# Is this a female



## DWS (May 16, 2021)

I'm a newbe and I think this is a female but need some help.


----------



## pute (May 16, 2021)

Looks like a female to me.


----------



## bigsur51 (May 16, 2021)

not me

besides , it is to young 

let it grow up and decide what it wants to be

it can even be male female if it so chooses , intersex is in baby


----------



## pute (May 16, 2021)

Hmmm.....looks like the makings of a female to me.  But,  time will tell.


----------



## ROSTERMAN (May 16, 2021)

Well according to the american civil liberties it has the right to chose it's own gender
be that male female or none.


----------



## pute (May 16, 2021)

That brings up the question that if it is a male and identifies as a female.....does he get to compete with the girls?


----------



## ROSTERMAN (May 16, 2021)

pute said:


> That brings up the question that if it is a male and identifies as a female.....does he get to compete with the girls?


Makes one wonder if the THC would be much higher if so allowed


----------



## pute (May 16, 2021)

See what happens DWS, you ask a simple question and you get the ramblings of old men.


----------



## ROSTERMAN (May 16, 2021)

pute said:


> See what happens DWS, you ask a simple question and you get the ramblings of old men.

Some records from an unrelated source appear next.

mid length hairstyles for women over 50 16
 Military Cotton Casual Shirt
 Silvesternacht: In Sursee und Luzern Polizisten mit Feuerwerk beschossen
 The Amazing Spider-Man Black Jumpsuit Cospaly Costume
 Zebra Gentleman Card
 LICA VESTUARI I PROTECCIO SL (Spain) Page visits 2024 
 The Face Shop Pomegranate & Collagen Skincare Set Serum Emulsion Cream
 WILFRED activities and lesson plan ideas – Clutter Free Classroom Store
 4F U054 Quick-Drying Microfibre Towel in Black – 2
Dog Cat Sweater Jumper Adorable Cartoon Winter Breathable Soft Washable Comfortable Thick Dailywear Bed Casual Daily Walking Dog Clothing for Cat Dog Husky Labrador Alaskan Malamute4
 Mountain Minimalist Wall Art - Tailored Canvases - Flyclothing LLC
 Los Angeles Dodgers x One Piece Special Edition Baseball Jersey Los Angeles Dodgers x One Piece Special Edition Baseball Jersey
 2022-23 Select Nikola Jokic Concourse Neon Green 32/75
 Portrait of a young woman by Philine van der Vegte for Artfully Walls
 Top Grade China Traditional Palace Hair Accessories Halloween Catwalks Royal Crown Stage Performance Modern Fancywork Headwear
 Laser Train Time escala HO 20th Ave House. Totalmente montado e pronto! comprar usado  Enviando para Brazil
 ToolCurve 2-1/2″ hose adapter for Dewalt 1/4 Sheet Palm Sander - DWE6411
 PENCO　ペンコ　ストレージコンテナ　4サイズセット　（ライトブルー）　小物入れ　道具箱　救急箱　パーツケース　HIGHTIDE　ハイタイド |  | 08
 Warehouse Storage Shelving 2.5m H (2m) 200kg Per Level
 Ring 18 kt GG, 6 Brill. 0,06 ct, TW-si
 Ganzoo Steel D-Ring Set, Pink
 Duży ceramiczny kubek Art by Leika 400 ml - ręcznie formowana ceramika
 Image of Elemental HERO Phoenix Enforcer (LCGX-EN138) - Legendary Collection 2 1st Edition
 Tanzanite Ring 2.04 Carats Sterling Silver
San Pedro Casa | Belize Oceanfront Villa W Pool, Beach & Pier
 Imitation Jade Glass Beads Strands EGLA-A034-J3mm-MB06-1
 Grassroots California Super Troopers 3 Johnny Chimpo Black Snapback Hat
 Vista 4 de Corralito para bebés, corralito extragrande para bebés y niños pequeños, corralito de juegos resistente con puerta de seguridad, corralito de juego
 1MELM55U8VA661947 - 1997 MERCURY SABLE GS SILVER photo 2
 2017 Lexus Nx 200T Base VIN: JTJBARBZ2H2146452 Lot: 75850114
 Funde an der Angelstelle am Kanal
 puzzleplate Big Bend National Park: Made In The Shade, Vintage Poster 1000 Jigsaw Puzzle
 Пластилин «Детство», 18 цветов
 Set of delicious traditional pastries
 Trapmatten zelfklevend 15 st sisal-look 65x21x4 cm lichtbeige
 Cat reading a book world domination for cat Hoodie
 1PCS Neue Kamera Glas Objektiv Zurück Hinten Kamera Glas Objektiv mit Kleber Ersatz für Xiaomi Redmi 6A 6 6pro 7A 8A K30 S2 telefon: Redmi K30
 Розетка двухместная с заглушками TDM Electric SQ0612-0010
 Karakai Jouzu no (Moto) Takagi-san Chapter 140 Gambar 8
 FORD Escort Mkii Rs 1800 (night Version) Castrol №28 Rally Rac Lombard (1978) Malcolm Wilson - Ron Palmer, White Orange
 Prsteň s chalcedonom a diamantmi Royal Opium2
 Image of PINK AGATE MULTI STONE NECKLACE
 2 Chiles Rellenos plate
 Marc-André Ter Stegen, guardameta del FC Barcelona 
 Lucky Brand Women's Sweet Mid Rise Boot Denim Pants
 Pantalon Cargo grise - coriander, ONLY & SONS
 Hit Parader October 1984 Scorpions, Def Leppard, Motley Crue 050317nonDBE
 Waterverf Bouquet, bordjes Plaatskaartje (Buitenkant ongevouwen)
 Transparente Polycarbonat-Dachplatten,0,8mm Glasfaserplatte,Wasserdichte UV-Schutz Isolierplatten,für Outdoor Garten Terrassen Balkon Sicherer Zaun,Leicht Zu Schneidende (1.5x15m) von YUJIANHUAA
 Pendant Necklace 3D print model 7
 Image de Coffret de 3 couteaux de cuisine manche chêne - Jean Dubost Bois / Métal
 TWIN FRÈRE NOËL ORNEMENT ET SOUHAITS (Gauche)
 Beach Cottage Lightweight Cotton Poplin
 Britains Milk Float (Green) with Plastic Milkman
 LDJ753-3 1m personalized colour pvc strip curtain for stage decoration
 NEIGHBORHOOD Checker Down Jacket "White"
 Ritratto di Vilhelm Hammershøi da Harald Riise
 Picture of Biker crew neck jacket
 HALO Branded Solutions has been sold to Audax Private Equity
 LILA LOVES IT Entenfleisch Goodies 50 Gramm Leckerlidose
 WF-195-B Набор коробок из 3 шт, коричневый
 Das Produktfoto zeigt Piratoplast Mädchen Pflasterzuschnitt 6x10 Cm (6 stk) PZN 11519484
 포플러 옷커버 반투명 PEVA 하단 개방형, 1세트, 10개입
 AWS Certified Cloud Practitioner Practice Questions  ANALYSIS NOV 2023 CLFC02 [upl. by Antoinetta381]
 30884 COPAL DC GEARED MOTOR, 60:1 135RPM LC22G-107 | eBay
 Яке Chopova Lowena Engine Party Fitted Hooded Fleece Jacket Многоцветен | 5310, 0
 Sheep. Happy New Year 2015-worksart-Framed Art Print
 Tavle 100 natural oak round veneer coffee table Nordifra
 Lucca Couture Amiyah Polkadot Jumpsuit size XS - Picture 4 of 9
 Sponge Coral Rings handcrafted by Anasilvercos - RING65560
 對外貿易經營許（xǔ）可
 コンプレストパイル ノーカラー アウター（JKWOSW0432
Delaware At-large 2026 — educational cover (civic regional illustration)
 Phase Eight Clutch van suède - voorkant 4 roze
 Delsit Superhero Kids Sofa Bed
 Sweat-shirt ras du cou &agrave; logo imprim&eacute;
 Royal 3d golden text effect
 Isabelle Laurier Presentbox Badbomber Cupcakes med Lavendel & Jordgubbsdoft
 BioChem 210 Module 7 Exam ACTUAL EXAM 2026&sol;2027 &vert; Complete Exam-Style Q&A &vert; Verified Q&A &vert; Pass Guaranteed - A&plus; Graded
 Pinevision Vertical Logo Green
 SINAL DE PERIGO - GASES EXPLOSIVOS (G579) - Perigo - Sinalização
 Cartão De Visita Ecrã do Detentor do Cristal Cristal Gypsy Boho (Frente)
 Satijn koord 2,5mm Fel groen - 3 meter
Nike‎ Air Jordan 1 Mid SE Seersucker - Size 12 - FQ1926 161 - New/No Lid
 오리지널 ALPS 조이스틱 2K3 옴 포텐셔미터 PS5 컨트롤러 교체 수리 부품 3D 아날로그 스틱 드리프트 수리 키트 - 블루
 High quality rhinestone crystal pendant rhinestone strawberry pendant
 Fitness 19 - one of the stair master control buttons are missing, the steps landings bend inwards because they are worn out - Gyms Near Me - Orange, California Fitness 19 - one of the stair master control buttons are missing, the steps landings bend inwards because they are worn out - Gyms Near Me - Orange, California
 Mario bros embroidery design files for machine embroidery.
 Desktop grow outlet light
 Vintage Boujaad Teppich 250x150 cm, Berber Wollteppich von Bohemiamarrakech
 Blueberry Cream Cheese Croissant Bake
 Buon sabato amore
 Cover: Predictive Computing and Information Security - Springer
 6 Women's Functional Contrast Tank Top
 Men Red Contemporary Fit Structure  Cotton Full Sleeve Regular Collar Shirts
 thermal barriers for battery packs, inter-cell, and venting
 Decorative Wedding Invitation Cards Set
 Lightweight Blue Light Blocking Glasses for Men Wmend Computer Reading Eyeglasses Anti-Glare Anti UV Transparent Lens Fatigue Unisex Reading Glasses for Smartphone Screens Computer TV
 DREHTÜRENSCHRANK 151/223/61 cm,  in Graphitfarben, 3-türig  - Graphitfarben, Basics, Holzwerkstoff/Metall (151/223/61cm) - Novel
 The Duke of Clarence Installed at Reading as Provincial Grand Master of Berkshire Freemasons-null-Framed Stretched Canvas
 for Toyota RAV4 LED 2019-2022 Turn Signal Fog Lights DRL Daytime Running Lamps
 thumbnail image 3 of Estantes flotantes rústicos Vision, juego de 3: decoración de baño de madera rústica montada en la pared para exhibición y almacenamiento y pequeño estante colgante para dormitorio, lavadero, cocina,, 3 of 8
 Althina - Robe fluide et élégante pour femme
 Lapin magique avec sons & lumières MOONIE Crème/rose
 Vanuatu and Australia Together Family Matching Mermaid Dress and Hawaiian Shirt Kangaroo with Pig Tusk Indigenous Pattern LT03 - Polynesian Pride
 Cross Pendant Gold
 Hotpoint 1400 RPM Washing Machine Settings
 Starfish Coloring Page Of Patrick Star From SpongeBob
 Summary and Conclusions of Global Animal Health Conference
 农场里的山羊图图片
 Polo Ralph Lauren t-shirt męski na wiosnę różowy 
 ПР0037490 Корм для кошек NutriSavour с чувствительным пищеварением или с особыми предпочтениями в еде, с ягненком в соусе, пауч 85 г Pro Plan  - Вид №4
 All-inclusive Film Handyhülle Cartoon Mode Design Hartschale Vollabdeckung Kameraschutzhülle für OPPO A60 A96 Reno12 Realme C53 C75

Ah But think oh all the combined knowledge he gets to walk away with..............


----------



## pute (May 16, 2021)

^^^^confusion


----------



## ROSTERMAN (May 17, 2021)

pute said:


> ^^^^confusion


My Sensei use to say " if one can not dazzle with brilliance , then baffle them with bull-shit "


----------



## leafminer (May 17, 2021)

Probably female.


----------



## ROSTERMAN (May 17, 2021)

Trapped in a mans body LOL


----------



## Bubba (Jun 2, 2021)

Wait till it shows it pistoly parts...


----------



## yooper420 (Jun 2, 2021)

Bunch of stoners anyway.


----------